▸ **Problem requirements**:
All lines from the one that contains "12 Pcs Baseball" to the end of the data must be retyped exactly. Pictures are not retyped.
━━━
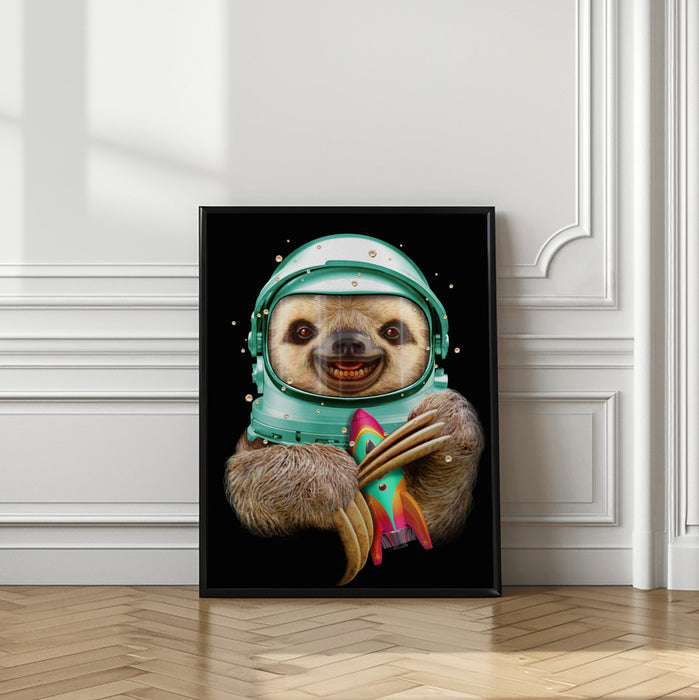 SPACESLOTH Framed Art Modern Wall Decor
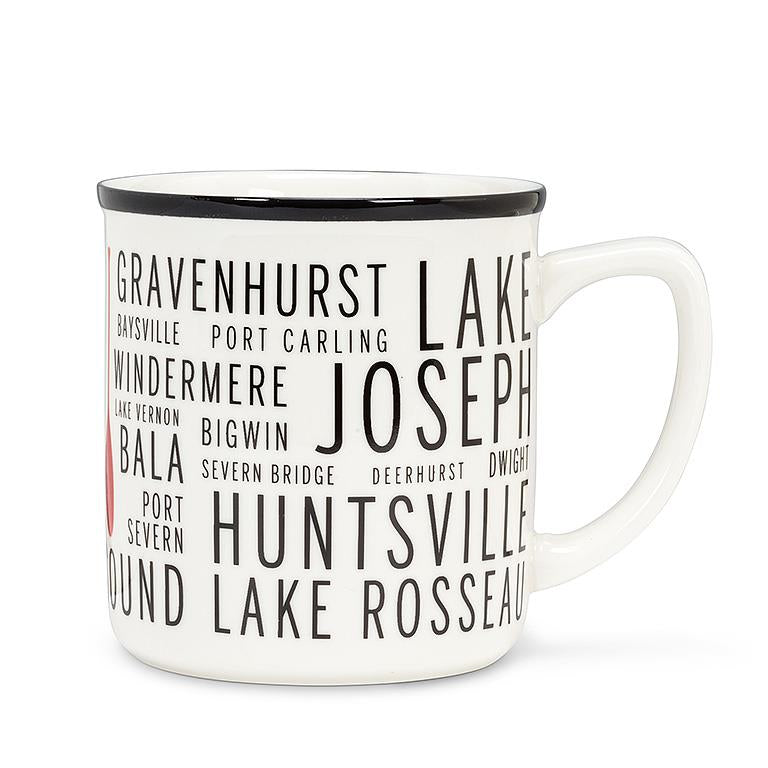 Muskoka Names 14oz Coffee Mug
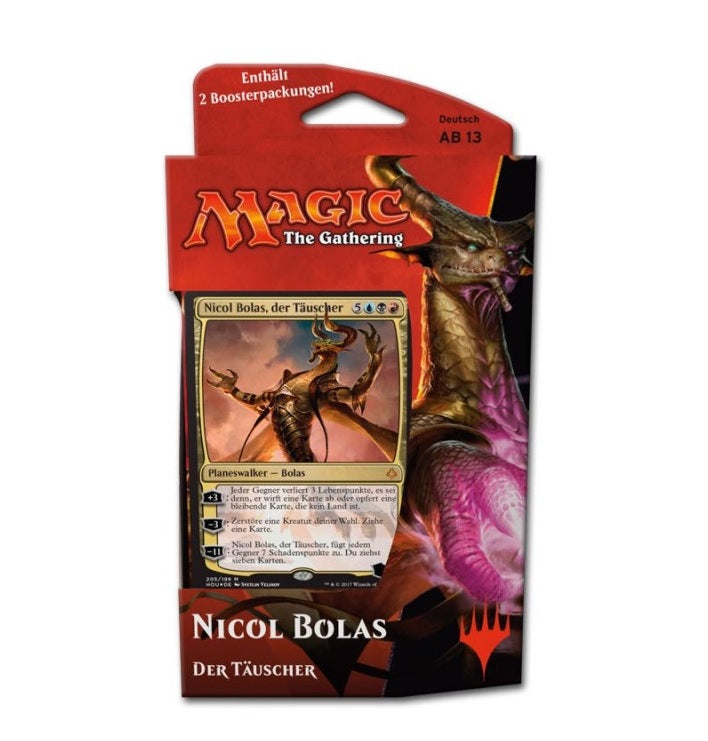 .Sammelkarten - Magic The Gathering - Stunde Der Vernichtung - Planeswalker Deck - Nicol Bolas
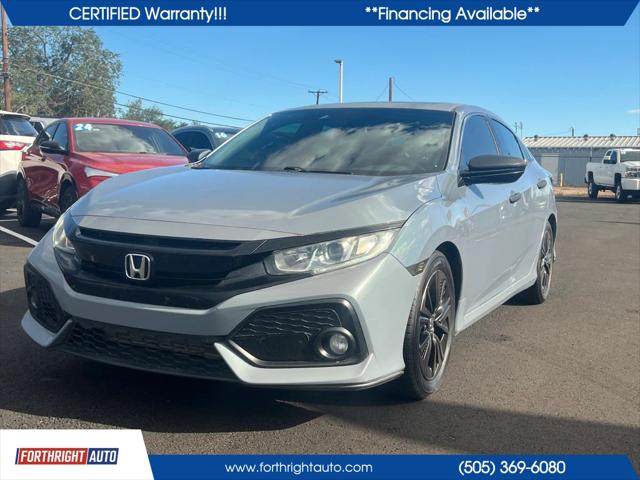 2019 Honda Civic EX for sale in Albuquerque, NM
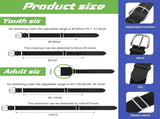 12 Pcs Baseball Belts Softball Belts Bulk for Adult and Youth Adjustable V1258-DP02-C-1371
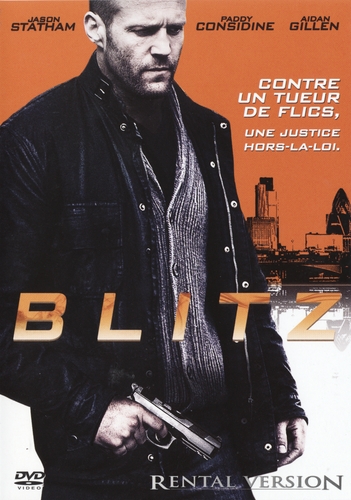 Couverture BLITZ de Elliott LESTER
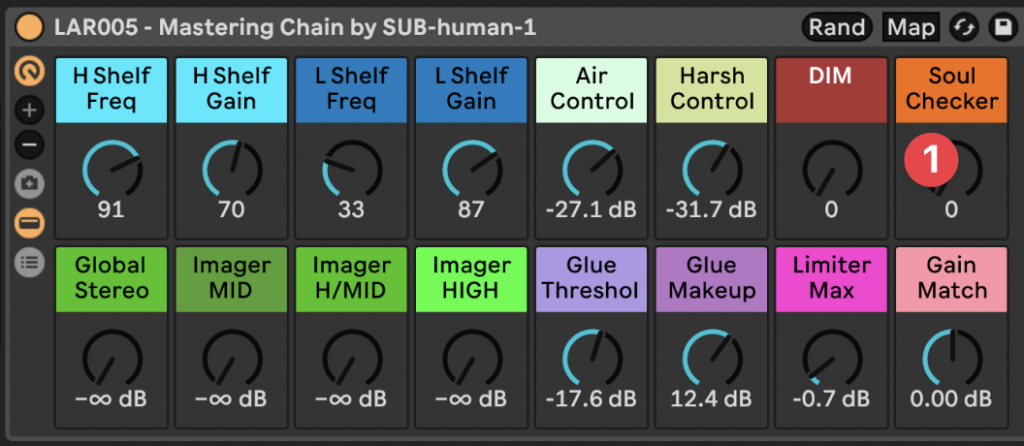 Soul Checker Interface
━━━
▸ **Response to the exercise**:
 12 Pcs Baseball Belts Softball Belts Bulk for Adult and Youth Adjustable V1258-DP02-C-1371
 Couverture BLITZ de Elliott LESTER
 Soul Checker Interface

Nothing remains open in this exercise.